» Data for analysis
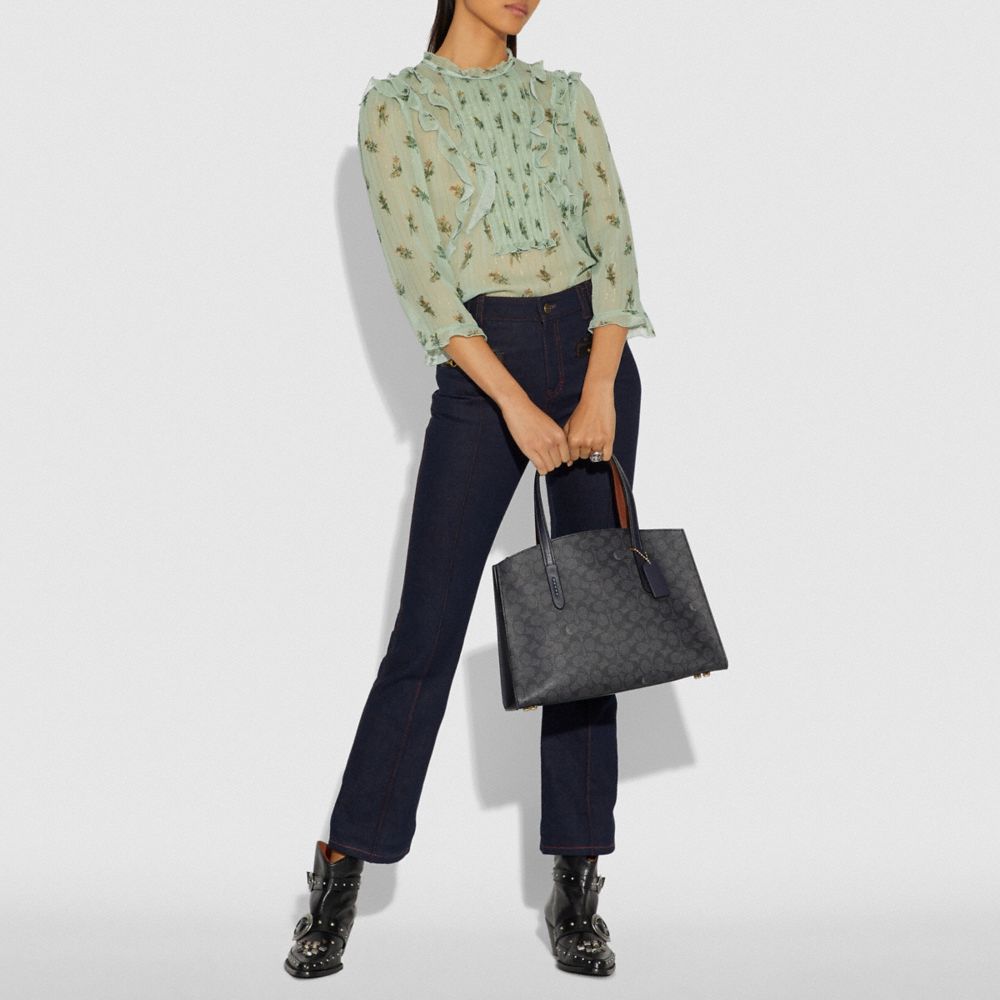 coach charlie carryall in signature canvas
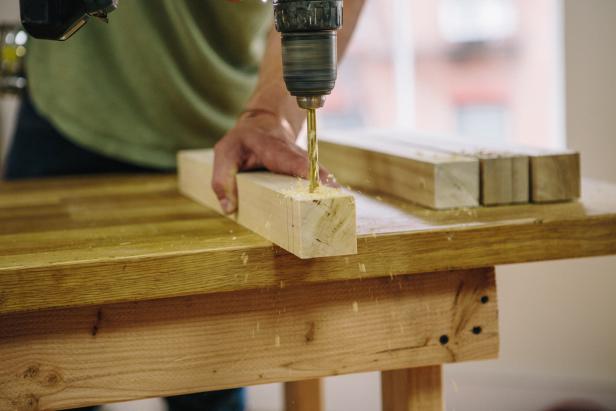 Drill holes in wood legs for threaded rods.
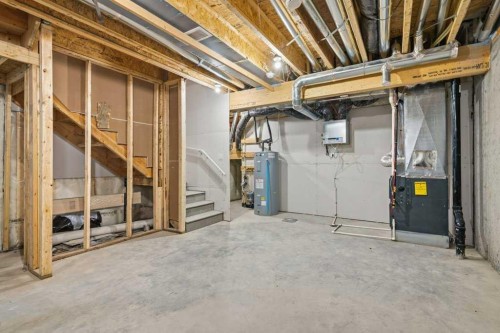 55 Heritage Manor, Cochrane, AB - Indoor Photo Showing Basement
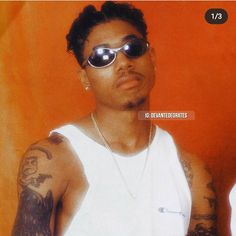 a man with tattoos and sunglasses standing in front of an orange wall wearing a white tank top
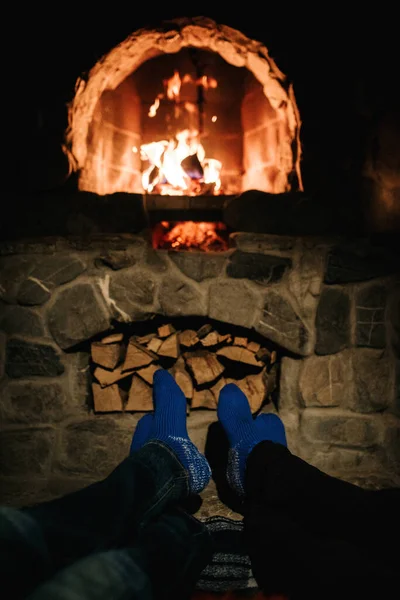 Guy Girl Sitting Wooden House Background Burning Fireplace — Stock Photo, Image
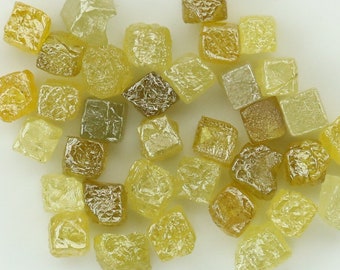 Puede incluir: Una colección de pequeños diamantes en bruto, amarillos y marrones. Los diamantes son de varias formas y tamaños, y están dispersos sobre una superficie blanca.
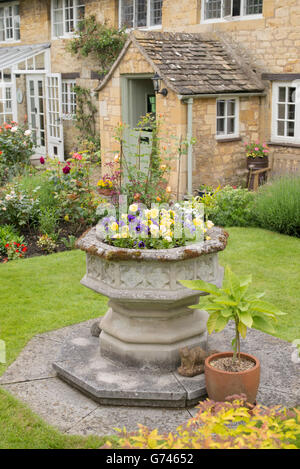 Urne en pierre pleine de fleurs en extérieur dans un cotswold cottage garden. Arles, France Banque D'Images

» What you need to do
Return only the lines running from the top of the data to the line that holds "a man with tattoos". Include both of those lines, but skip the pictures.

» Finished task
 coach charlie carryall in signature canvas
 Drill holes in wood legs for threaded rods.
 55 Heritage Manor, Cochrane, AB - Indoor Photo Showing Basement
 a man with tattoos and sunglasses standing in front of an orange wall wearing a white tank top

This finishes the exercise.